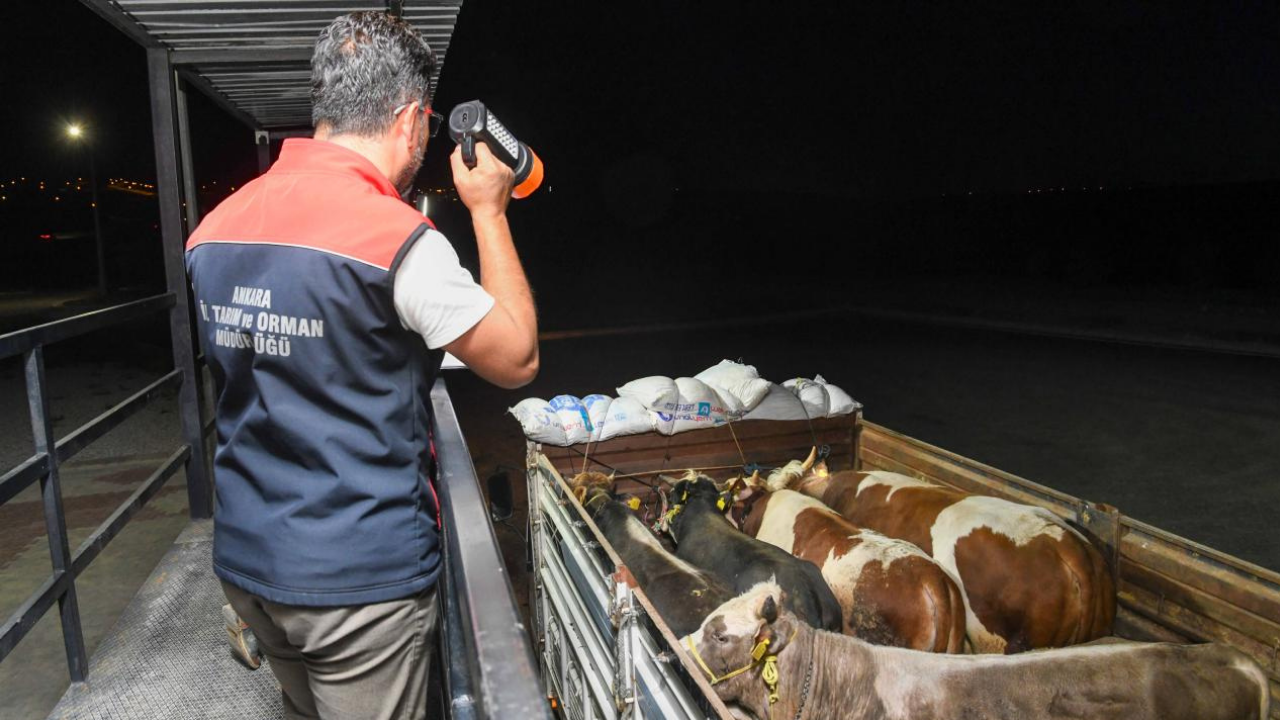 Kurban Bayramı öncesi Ankara'da hayvan sevkiyatına sıkı denetim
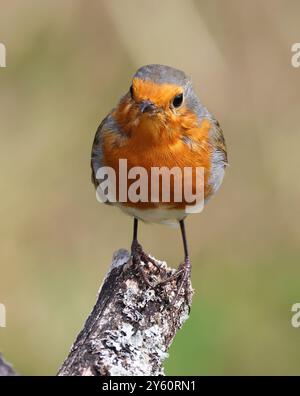 Un Robin (Erithacus rubecula) dans le Gloucestershire au Royaume-Uni Banque D'Images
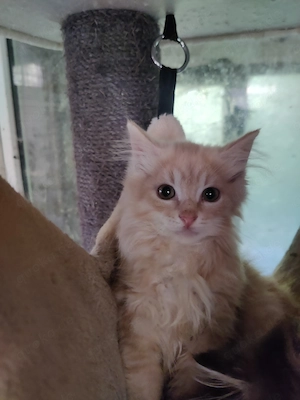 Norweger Mix Kater 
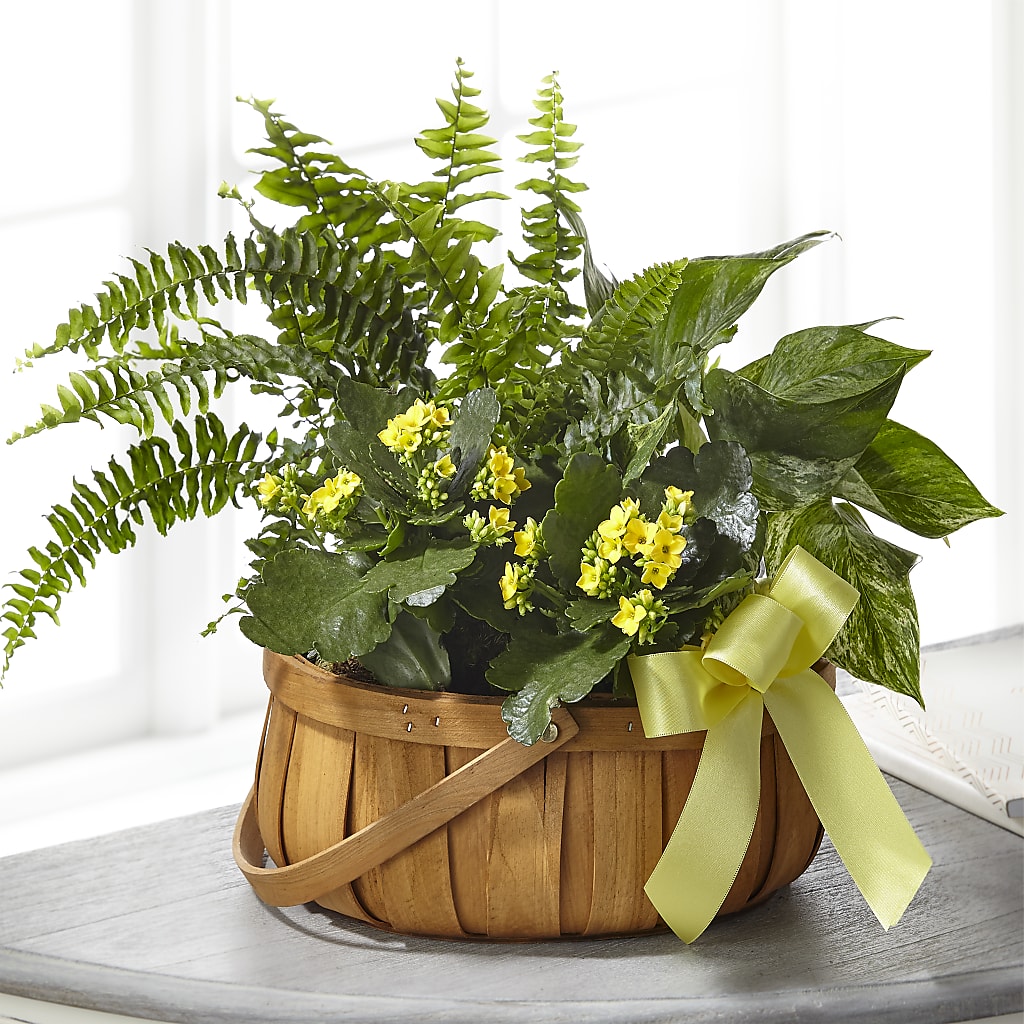 Always Dear Dishgarden – Star Market, West Bridgewater MA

**Task to carry out:** With the pictures omitted, reproduce the data above exactly.

**Written response:**
 Kurban Bayramı öncesi Ankara'da hayvan sevkiyatına sıkı denetim
 Un Robin (Erithacus rubecula) dans le Gloucestershire au Royaume-Uni Banque D'Images
 Norweger Mix Kater 
 Always Dear Dishgarden – Star Market, West Bridgewater MA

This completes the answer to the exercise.